→ PROBLEM REQUIREMENTS:
Retype the lines from the one containing "New Johnson Evinrude" through the last line of the entries below, exactly and in full, omitting every image.

→ TASK INPUT:
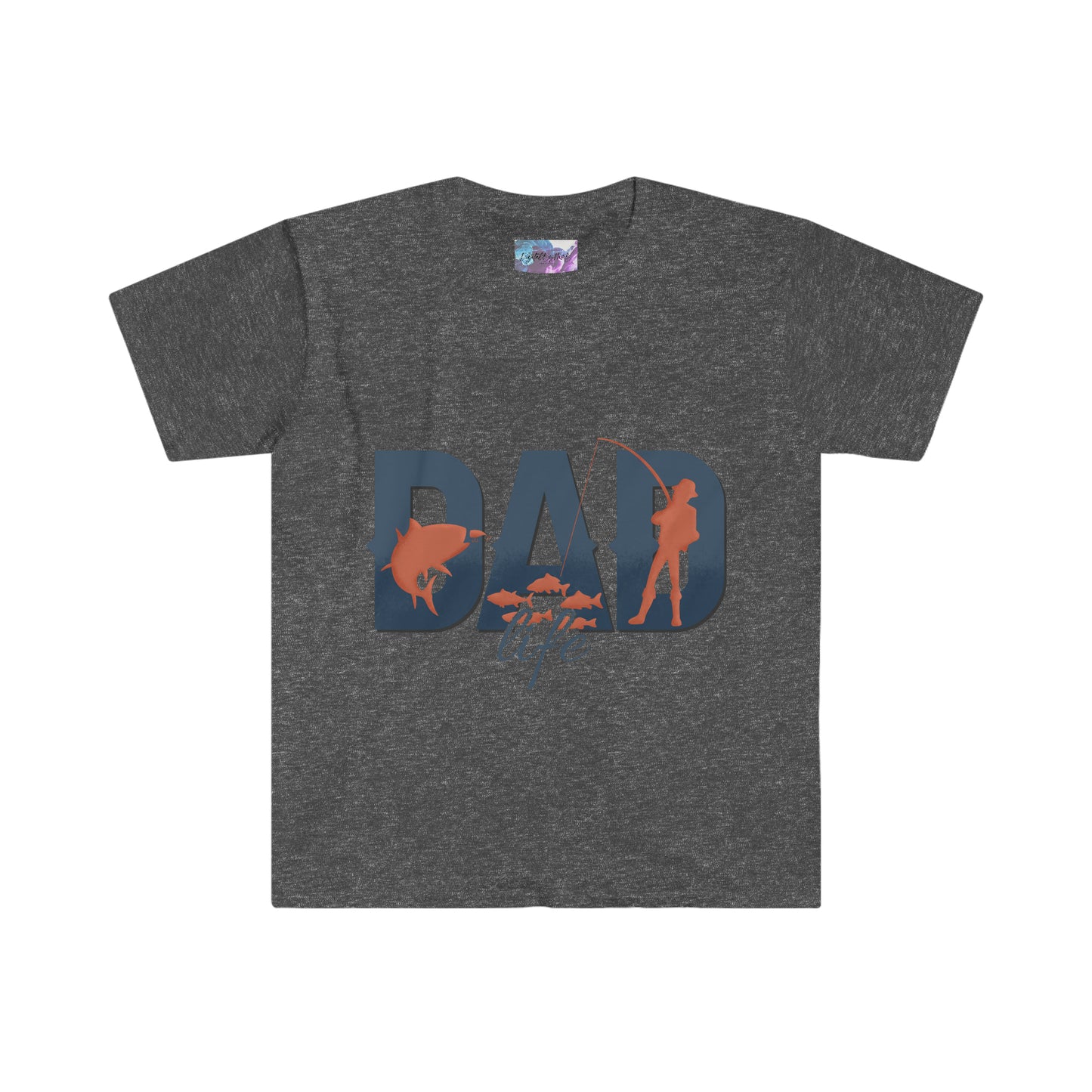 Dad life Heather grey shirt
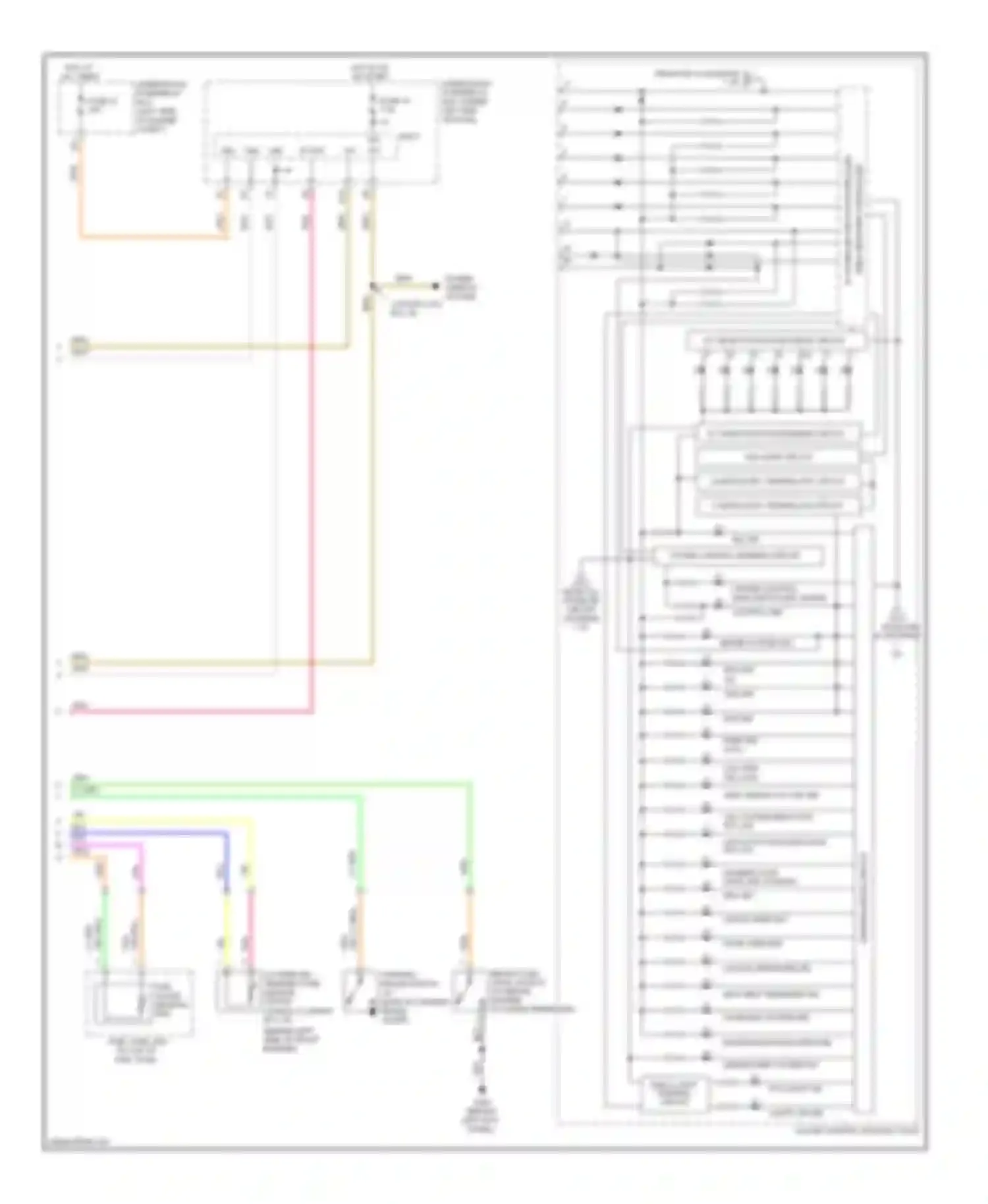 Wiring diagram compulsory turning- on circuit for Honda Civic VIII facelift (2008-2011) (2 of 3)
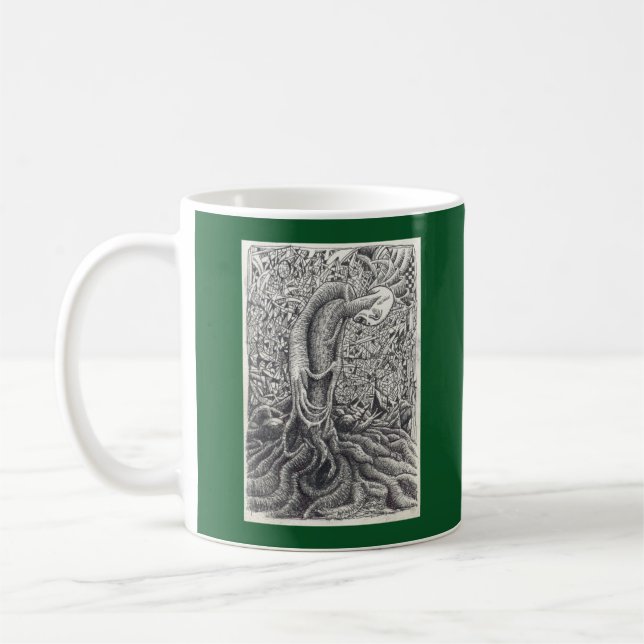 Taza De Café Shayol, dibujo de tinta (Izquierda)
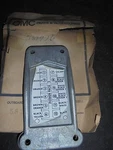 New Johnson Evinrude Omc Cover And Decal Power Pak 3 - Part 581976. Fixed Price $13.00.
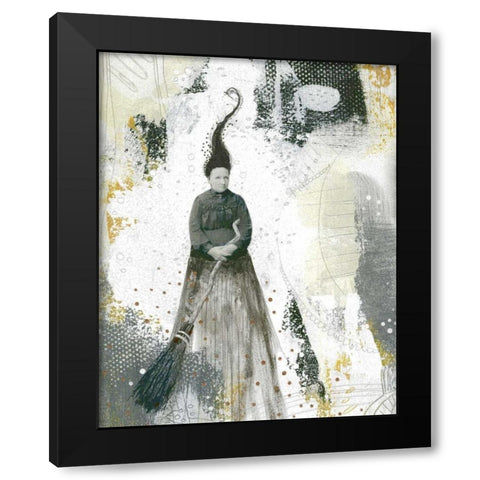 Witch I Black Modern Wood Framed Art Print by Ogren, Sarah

→ SOLUTION FOR THIS TASK:
 New Johnson Evinrude Omc Cover And Decal Power Pak 3 - Part 581976. Fixed Price $13.00.
 Witch I Black Modern Wood Framed Art Print by Ogren, Sarah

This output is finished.